Pastor, Sacred Heart Roman Catholic Church, Troy, N.Y. 12180   2008 – Present

A 1972 graduate of Christian Brothers Academy in Albany, Father Yanas was ordained in 1984.

In the early years of his priesthood, Father Yanas served at Sacred Heart alongside Father Vaughan, from 1985 until 1992.  Prior to returning to Sacred Heart Parish in 2008, Father Yanas served as Pastor at Our Lady Queen of Apostles in Frankfort, New York.

Since his arrival for a second “tour of duty,” as our Pastor, Father Yanas has brought a renewed sense of energy, purpose and community to the Catholic Community of Sacred Heart.

 

April 20, 2019 “Easter Light” Easter Vigil Homily:

On a hot and steamy night in July of 1977, a bolt of lightning struck a power line in New York City, resulting in a massive power outage. In the city that never sleeps, the lights died.  It was a night of terror. In the absence of light, electrical and earthly, for several hours chaos ensued. By the time light was restored, 1600 businesses had been looted, 3,000 people arrested, and numerous cars set ablaze. The human cost was consequential: 32 policemen were wounded and countless firefighters suffered injuries after battling 1000 fires. At least for one night, New York City became a place where evil, which had to hide in the light of day, suddenly came out and caused mayhem. The powers of darkness, previously quiet, were very active and destructive.

Without light, people cannot see one another; they often stumble and fall, and suffer the loss of fellowship. Darkness often inspires fear and dread.  We can all agree that houses are not haunted in the daylight hours! Darkness, a symbol of death, can help us appreciate what light truly is for us.
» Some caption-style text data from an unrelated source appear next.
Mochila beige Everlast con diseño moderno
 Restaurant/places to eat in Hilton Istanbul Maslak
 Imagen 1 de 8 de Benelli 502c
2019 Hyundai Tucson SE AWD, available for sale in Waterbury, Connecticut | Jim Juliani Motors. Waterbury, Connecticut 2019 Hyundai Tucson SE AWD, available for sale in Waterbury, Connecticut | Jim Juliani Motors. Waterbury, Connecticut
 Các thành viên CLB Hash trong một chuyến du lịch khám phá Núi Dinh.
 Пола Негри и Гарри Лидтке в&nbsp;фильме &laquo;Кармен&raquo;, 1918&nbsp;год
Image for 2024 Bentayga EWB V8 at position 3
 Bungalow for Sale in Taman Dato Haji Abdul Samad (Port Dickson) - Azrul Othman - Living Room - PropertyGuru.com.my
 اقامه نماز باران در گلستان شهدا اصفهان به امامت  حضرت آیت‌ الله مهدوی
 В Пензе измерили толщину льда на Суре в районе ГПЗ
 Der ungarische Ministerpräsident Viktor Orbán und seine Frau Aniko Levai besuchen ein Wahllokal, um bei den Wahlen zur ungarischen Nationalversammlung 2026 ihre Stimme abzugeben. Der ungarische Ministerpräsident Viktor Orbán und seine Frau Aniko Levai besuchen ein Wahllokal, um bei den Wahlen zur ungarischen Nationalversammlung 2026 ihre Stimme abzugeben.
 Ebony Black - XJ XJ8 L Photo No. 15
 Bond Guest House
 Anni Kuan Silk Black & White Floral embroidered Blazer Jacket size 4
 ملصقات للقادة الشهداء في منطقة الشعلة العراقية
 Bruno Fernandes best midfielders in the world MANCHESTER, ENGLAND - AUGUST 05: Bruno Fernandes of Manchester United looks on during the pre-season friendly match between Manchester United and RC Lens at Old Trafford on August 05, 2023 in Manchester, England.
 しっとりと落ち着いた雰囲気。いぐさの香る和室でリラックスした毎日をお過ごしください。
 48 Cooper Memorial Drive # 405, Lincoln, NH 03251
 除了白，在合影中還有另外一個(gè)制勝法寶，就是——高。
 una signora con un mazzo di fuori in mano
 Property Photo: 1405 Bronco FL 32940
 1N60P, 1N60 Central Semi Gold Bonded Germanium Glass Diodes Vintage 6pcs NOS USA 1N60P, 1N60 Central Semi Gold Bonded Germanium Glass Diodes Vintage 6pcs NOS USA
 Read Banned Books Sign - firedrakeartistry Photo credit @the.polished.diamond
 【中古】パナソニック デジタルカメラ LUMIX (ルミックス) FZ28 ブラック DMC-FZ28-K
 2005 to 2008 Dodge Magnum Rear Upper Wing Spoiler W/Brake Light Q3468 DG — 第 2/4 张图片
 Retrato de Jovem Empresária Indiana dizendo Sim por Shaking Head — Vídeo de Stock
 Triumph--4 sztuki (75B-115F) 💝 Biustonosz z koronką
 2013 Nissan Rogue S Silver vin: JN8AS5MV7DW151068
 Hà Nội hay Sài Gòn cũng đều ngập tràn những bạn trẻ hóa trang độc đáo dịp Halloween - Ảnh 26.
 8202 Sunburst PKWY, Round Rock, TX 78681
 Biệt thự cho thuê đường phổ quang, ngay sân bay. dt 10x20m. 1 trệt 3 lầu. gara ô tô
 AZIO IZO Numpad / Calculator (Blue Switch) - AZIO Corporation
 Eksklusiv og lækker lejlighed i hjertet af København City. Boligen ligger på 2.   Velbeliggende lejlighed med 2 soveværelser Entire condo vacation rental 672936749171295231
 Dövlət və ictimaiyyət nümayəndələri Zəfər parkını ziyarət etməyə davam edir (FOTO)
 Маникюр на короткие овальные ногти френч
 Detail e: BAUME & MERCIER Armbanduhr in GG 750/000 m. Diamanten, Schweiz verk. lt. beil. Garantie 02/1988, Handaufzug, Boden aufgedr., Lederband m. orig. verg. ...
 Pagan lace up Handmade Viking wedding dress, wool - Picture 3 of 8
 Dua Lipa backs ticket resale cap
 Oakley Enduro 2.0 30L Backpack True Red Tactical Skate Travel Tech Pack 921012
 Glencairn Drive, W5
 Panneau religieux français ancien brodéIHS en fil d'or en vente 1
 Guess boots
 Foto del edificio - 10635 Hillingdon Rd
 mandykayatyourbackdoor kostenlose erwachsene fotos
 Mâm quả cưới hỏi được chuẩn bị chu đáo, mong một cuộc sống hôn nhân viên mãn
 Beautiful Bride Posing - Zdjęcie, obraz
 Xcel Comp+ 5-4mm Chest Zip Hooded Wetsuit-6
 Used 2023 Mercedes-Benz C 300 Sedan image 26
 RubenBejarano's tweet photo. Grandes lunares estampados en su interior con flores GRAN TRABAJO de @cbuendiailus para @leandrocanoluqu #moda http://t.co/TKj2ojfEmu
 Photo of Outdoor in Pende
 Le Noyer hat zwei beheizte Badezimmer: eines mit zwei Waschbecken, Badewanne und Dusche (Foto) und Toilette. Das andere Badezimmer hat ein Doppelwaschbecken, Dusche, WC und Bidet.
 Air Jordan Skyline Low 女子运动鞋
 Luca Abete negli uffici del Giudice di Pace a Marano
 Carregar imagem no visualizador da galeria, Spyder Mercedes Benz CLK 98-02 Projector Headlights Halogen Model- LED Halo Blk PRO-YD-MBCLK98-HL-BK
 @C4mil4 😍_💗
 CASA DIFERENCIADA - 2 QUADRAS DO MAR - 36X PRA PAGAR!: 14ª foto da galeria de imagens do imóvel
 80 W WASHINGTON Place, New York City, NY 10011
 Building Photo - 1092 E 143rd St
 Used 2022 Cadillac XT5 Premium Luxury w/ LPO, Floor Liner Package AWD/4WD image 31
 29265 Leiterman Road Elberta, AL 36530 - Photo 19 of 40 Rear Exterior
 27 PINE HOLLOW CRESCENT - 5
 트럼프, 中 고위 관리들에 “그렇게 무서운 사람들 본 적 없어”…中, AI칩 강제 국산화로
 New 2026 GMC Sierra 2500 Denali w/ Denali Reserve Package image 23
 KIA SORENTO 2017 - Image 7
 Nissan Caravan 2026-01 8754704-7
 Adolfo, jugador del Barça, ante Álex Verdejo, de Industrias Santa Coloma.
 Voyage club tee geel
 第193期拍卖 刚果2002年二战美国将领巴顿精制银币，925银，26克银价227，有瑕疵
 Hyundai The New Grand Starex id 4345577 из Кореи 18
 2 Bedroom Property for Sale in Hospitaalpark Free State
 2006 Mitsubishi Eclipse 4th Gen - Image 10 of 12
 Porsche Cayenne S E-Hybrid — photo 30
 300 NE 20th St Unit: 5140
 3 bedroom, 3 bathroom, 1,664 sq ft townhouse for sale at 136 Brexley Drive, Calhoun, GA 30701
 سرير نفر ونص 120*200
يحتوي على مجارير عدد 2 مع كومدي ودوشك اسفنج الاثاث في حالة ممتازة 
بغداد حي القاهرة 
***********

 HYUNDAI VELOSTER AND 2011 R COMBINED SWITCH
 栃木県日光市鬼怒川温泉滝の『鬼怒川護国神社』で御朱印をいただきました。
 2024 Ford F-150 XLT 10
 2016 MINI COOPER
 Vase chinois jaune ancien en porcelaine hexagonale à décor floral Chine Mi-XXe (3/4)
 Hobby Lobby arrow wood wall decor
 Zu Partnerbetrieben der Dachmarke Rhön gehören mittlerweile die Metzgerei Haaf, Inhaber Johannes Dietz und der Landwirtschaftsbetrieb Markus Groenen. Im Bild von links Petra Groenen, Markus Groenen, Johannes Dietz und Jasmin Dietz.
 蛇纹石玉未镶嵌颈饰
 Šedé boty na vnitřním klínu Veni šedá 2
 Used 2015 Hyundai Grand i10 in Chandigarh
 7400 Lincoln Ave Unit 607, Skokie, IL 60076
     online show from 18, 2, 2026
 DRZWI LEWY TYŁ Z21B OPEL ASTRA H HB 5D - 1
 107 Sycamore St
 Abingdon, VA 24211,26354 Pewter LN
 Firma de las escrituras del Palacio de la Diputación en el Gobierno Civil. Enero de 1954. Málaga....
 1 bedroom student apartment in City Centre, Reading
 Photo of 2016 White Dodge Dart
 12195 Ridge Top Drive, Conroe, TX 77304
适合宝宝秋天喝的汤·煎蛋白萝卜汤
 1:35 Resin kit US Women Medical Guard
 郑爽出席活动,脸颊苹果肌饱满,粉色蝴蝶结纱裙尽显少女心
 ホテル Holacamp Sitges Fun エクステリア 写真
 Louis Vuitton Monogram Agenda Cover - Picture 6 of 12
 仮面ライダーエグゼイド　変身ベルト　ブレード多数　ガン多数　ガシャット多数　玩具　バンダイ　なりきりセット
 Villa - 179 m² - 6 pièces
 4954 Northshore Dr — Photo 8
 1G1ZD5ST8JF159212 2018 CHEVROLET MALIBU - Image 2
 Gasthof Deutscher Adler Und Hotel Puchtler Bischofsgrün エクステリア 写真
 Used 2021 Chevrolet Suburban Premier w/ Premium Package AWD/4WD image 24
Light is a dominant symbol of the Easter vigil service. As the service commences, the church is in total darkness. The darkened church is a powerful symbol and a chilling reminder of a fallen world, a world unredeemed and without hope. It is then that a single lighted candle is brought into the church, piercing the darkness. The resplendent Paschal (or Easter) candle is a symbol of Christ, crucified and Risen. In the gloom of death, Christ comes as light and is clothed in light. Jesus took light from heaven and brought it to the earth… the light of truth and the fire of love that transforms us. (Benedict XVI) Christ is truly raised from the dead, and is the morning star who, in his Passion and Resurrection, has conquered the darkness. The recent tragedy in Sri Lanka where nearly three hundred Christians were cruelly and, in brutal fashion, massacred, is a painful reminder that the night continues, but it is a night in which a light has been lit. And that glowing light will never be extinguished! “O God, you can bring light in darkness”, declares Blessed John Henry Cardinal Newman, one of the leading figures of the nineteenth century Catholic Church.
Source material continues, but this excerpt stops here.